**Recorded information:**
+++
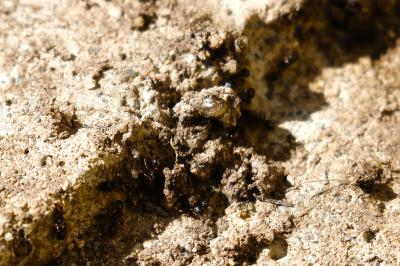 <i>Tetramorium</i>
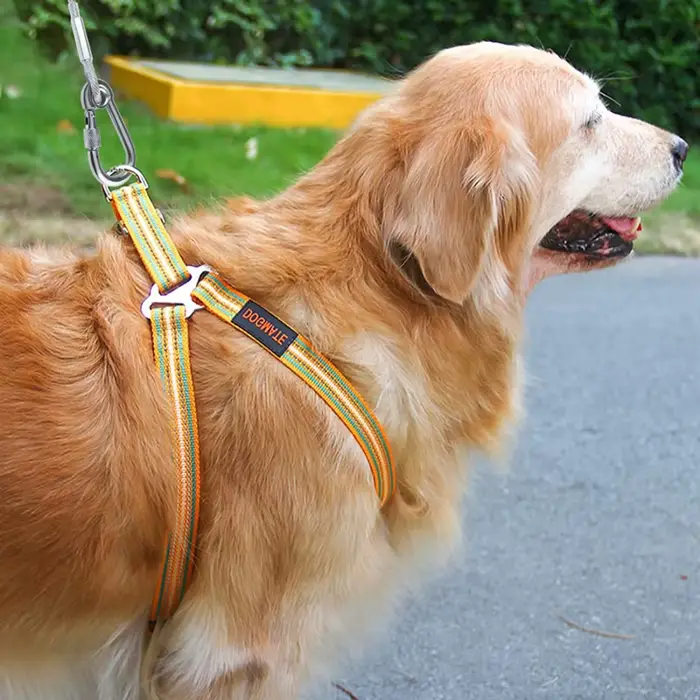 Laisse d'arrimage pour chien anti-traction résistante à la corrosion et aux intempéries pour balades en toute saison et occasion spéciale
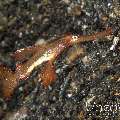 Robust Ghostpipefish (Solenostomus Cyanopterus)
+++
**What you need to do:** Return the material above in exact form. Pictures stay out.

**Solution to this exercise:**
 <i>Tetramorium</i>
 Laisse d'arrimage pour chien anti-traction résistante à la corrosion et aux intempéries pour balades en toute saison et occasion spéciale
 Robust Ghostpipefish (Solenostomus Cyanopterus)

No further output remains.